Hay días enteros en los que no hablo, en los que te vas temprano y me dejas en la cama, semidormida o semidespierta.
Esos días llego al trabajo y no hay nadie, o sí, está el grabador de audio, que se concentra en esperar las respuestas al correo de una novia lejana.
En el Facebook las notificaciones son miles y decido no abrir ninguna, antes de elegir a cuáles dar click. Los mensajes son menos, y se pueden leer en el resumen, sin abrirlos, sin alertar a los que lo enviaron de que los leí.
Redacto las notas refritas de los sitios de siempre, y mientras me detengo a leer los comentarios de siempre, se asoman y me preguntan si quiero café. Digo no con la cabeza.

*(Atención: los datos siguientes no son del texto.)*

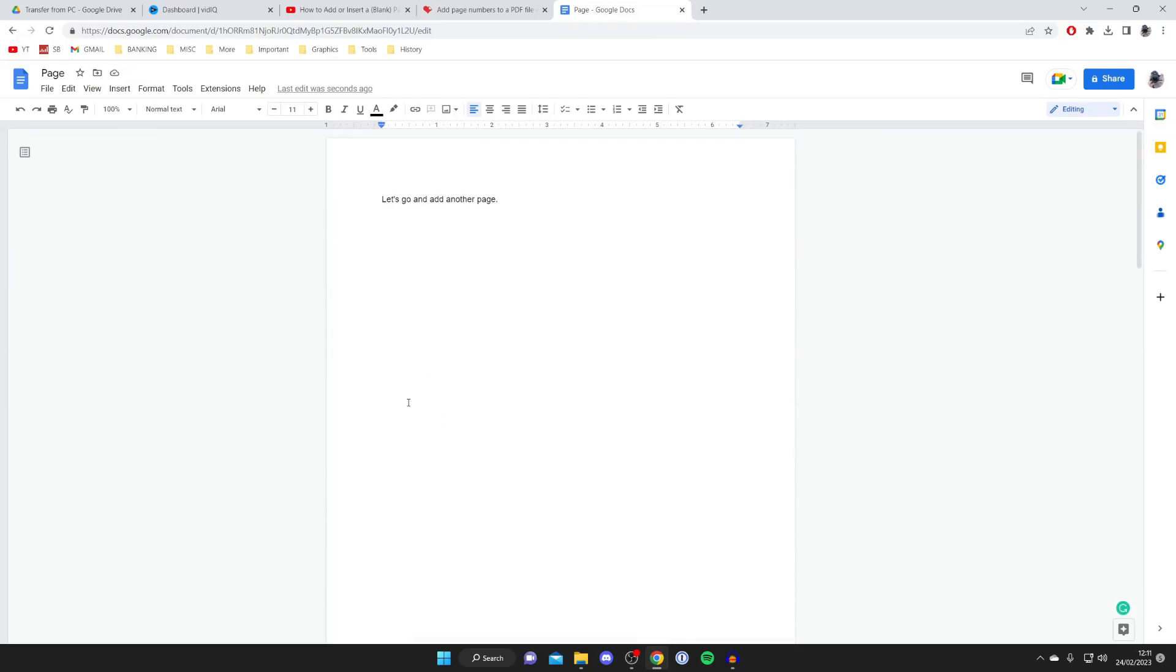There are two different ways you can add a page to your Google document. There are other ways as well but these are just the quickest and easiest that I found.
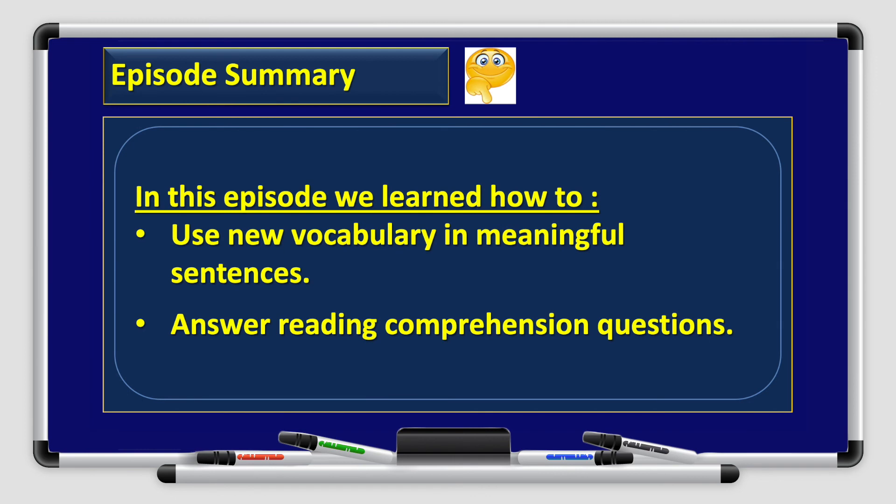All right boys and girls, we have reached the end of today's episode and we have learned lots of fun things together. We have learned how to use new vocabulary in meaningful sentences and how to answer reading comprehension questions correctly. Thank you for watching and we hope to see you soon. Goodbye.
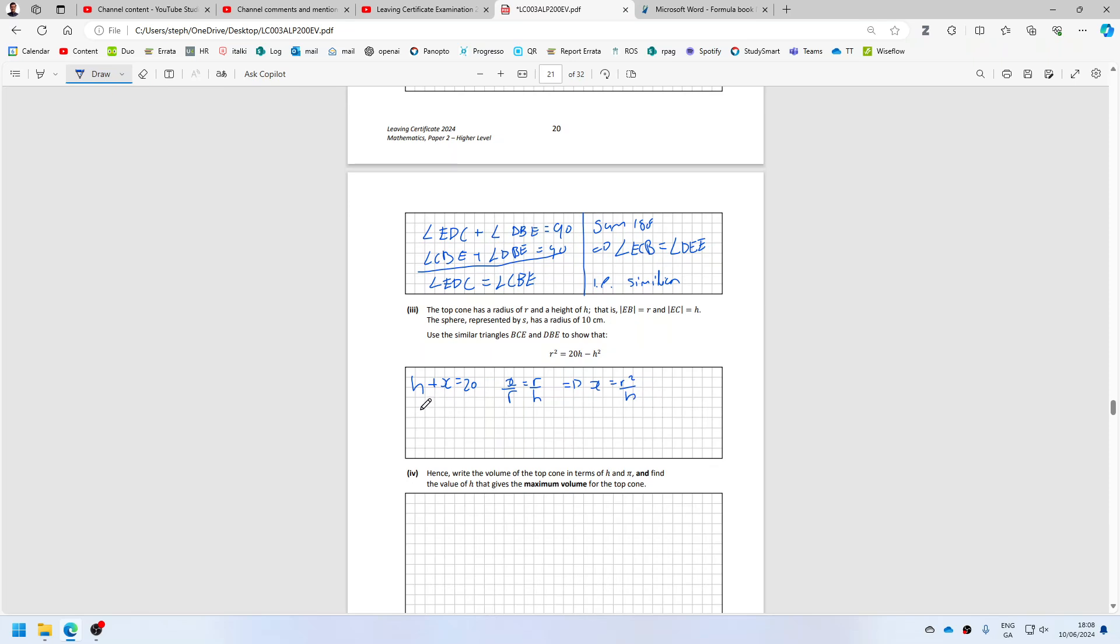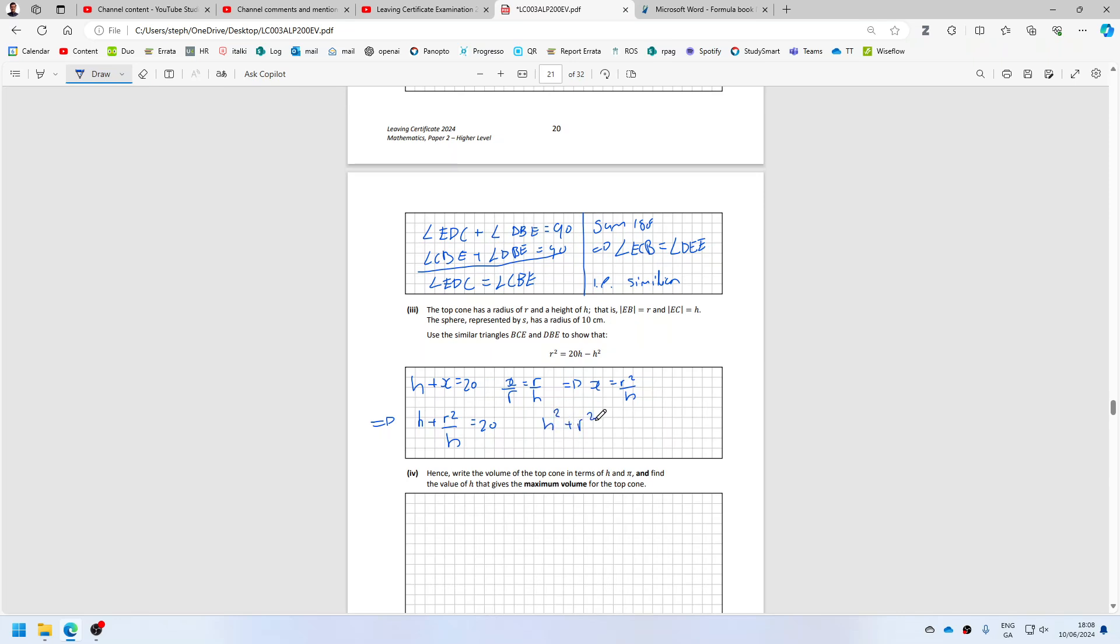So that means H plus R squared over H equals 20. If I multiply by H, I get H squared plus R squared equals 20H, or in other words, I get R squared equals 20H minus H squared. Great.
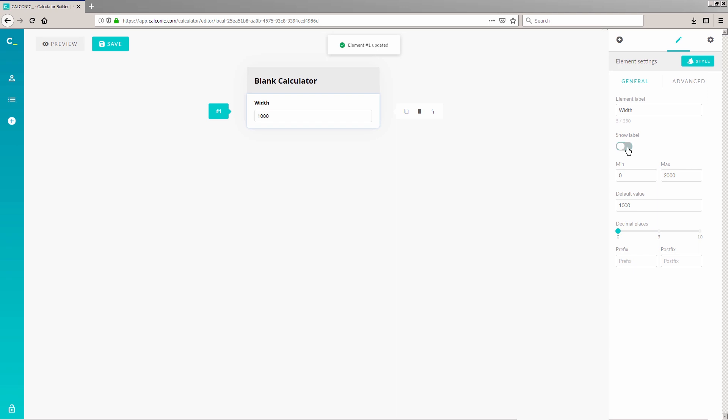Below that, you'll see the fields for minimum and maximum values. You can either set the lowest and highest values a user can enter, or you can leave the fields blank to have no value limit. We'll type in 0 as the minimum value since the rectangular width can't be negative, but the maximum value can be left blank. You might want to let your visitors know what kind of data you want them to enter, so you can add a Prefix or Postfix to your field. Let's add Feet to the Postfix field and ignore the prefix.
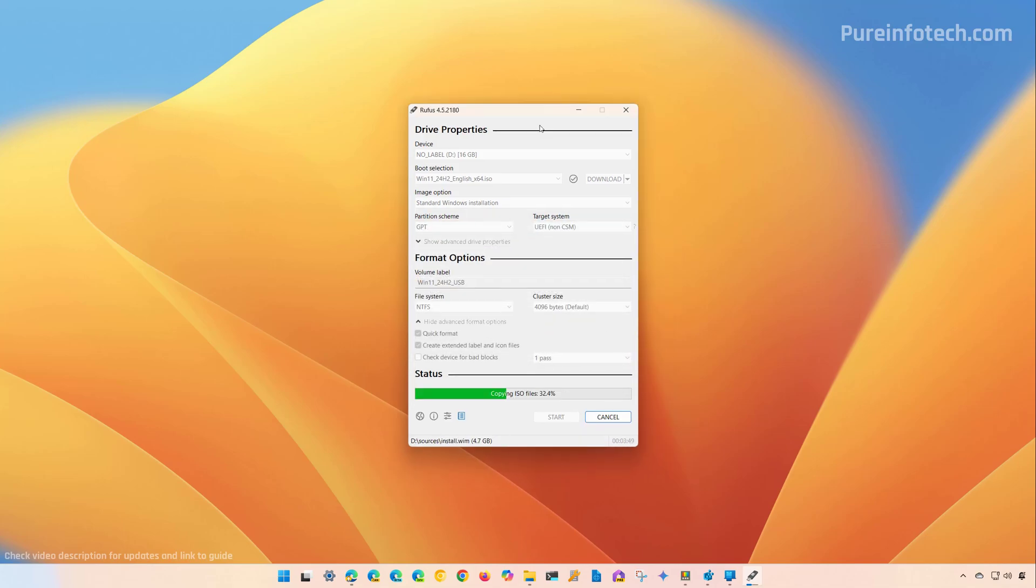It is important to note that the Rufus tool is working correctly at the time of this video for devices that are compatible with Windows 11 version 24H2. Some users are reporting not being able to upgrade using this tool, but that's only for devices that do not support version 24H2. Even for unsupported devices, this is only a concern for in-place upgrades, not when you're using the USB bootable media to perform a clean installation.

Me pongo a pensar en el café como tema para miles de poetas, de escritores de blogs, de románticos reales y falsos, de personas que fingen amarlo, y de personas que no pueden vivir sin él. El café como excusa para entablar conversaciones, para tener sexo, para acercarte a alguien, para verse de cerca, para fumar, para reunirse, para huir.
Y yo, sin poder usarlo de justificación, porque no tomo y porque no lo amo; a riesgo de que me miren con asombro, o con desprecio, de que, a veces, no siempre, al decir “no” al café, me destierren del mundo de los cool, de los “ellos si”, de los poetas.
Me sacudo las divagaciones y sigo buscando notas para un noticiero que nadie escucha, mientras el aire acondicionado viejo pone el único sonido ambiente. A esta hora de tanto sol creo que no hay ni tráfico en 23. Si hay alguien afuera, las cortinas oscuras de alguna extraña forma están impidiendo que llegue el ruido.
Escucho también en silencio las grabaciones, no edito ninguna, hoy no es necesario. No interactúo con el grabador, él mismo, sin que yo le pregunte, me dice el tiempo total.
Imprimo las tres copias, las dejo en el buró de la cabina de transmisiones (no hay nadie, han salido a comprar dulces), y regreso a mi computadora. Ya se fue mi compañero silencioso.
Me siento, escribo un post sobre el silencio, mientras hablo conmigo misma, en un intento un poco tonto de escuchar voces, aunque sea en mi cabeza (eso no suena bien, pero no lo reescribo, no es necesario, nadie me lee).
Cuando el post acaba, me quedo tranquila, en silencio, esperando que suene el teléfono. Deseo con todas mis fuerzas que caiga la noche, que sea la hora de dormir, que no llegue la comida compartida, porque en días así seguro será silenciosa.
Quizás mañana estén todos más habladores. Quizás mañana ya no me sienta tan sola.